This project was much more difficult than I had imagined at the beginning of the semester, due to its complexity (for my first project). Having said that, I now feel able to tackle similar projects going forward with fewer false starts.
My first (easy) hurdle was to use Ian Milligan’s Programming Historian to recursively download all of the ICC decisions with wget. This still took a shocking amount of time to download the ~2GB of pdf files with the limiters on wget.
But it was nothing compared to OCRing the PDFs. This took over a week, even when running multiple jobs in parallel. Disappointingly, the OCR was of very poor quality. Fortunately, the volume of material kept most of the OCR errors out of the topics.
In creating the makefile, I leveled up in my ability to grep | sed |cp files in the command line, and in make. These recipes will come in handy in making my projects repeatable for others and tracking what I’ve done. When using my makefile, remember to run the recipes individually and OCR in parallel.
With my data collected, I began to analyze it with Mallet. When I first used mallet, it was easiest to run it from the command line. But once I had my scripts working in Rmallet, I wasn’t ever going back to command line Mallet again. It was so much easier to go directly to visualizations and dealing with fewer .csv and .txt files.
My R scripts were built on Matt Jockers’ text mining books, Macroanalysis and Text Analysis with R for Students of Literature. But I quickly realized that these works were designed with the questions that literature students bring to distant reading- genre, author attribution, and comparing texts against each other. But it got me in the door of text analysis. Working through some of Shawn Graham’s blog posts brought me over some hurdles in manuevering my data to the proper formats for R Mallet. Though wordclouds are not an ideal data visualization tool, I found them very useful in understanding the topics. Even more clear than some of the other topic modeling browsers and visualizations out there, if not as rigorous mathematically.
The other major difficulty I had was trying to manuever the metadata for my decisions from ancient, non-standard html tables to a workable format. Regex allowed me to generally isolate the plaintiff tribe names, but the funkyness of the 10 year old html tables was too much. Particularly when they changed formats 3 or 4 times.
The final surprise for me was how much pre-processing it took for the topics to begin to “look right” for how I wanted to analyze them. Trying many different numbers of topics, training iterations, and especially stopword lists made major differences.
I initially took the standard english stopwords list from Voyant. I then hand coded several tribes’ names. This was the “character problem” that Jockers discusses when analyzing literature. In my case, the characters of the Decisions were the tribes, lawyers, and judges mentioned in the decisions. I finally wrote an R script to pull every word from the html tables, and add only unique words to the stop words list. This worked too well, removing many words which might hold meaning in the decisions, such as “land”, “appraisal”, “expert”, etc. So I went back through and removed these names. It’s possible that only pulling from the “plaintiff tribes” as opposed to the orders and decisions would create a suitable stop word list, but it’s a manual enough process that simply using the my default stop word list will work fine.

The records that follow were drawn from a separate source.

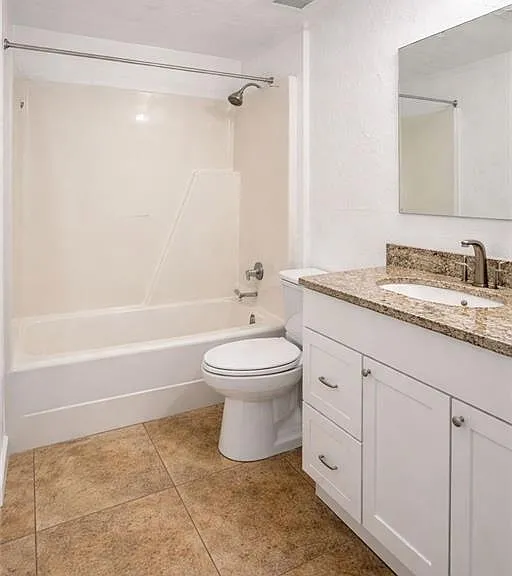 5324 Treetops Dr #G-2 — Photo 6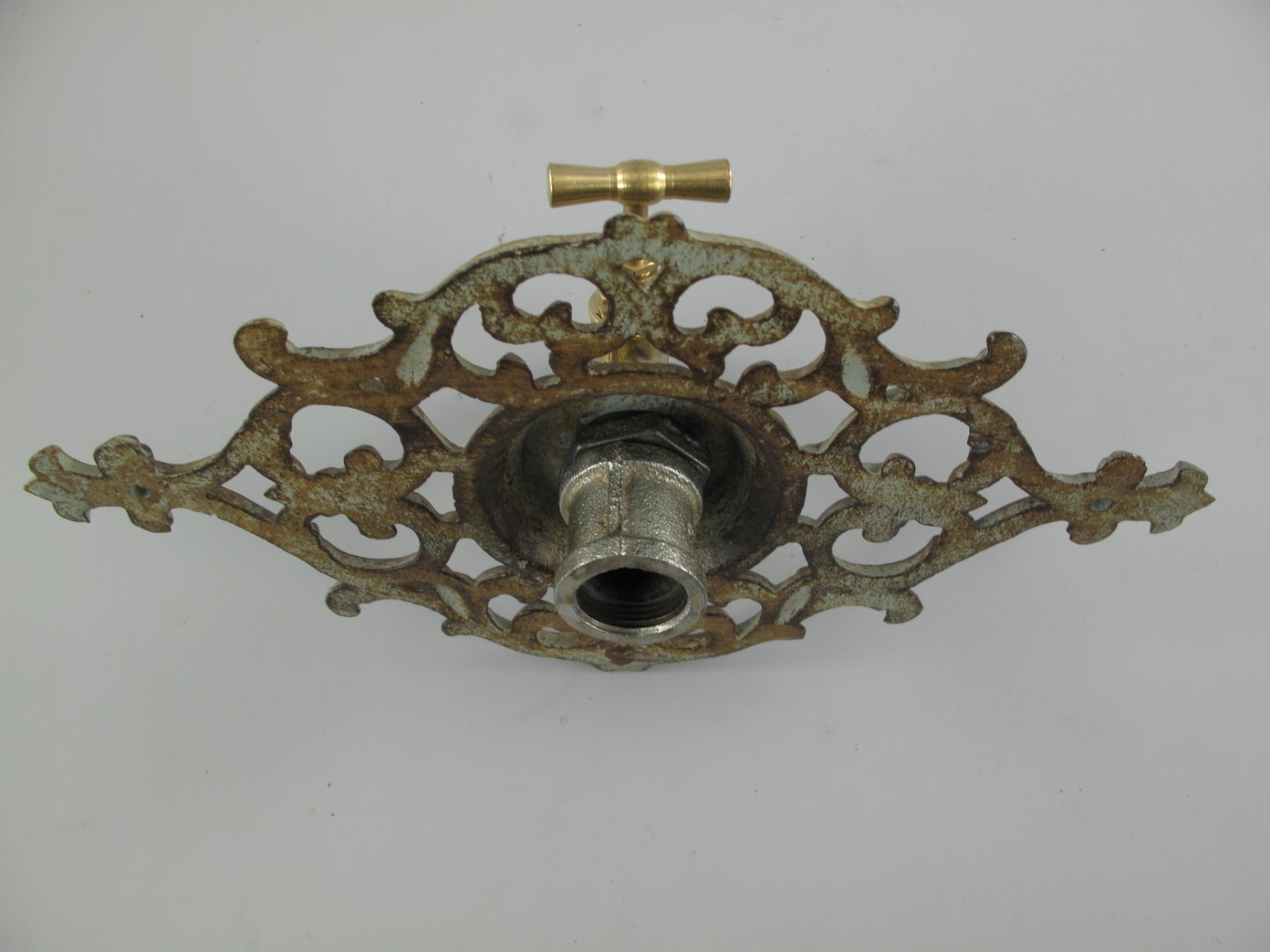 Wandplatte/Wasserhahn(3/4'')Gußeisen farbig L.30cm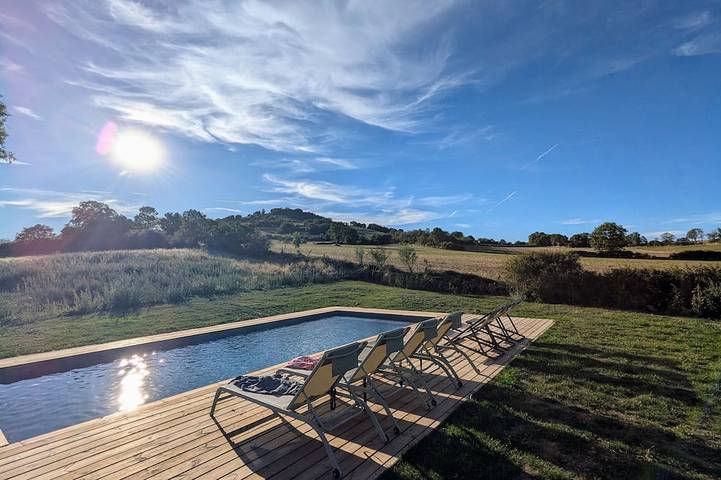Location de vacances pour 12 personnes, avec Terrasse et Jardin à Saint-Just-près-Brioude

My visualizations were a mix of topics over time and word clouds to view how the individual topics behaved. I used a cluster dendrogram to view how the topics interacted between one another.
I began to play with Word Similarity and term document matrices, but wasn’t able to glean any useful analysis from the charts I created. This just reinforced the additional work to be done once the topic model has been created and the difficulty I had in “distant” analysis.
I still have additional work and visualizations intended for this project. It’s come a long ways from 2 GB of images to where it is today, but there are still insights left to be gleaned from the Decisions of the Indian Claims Commission.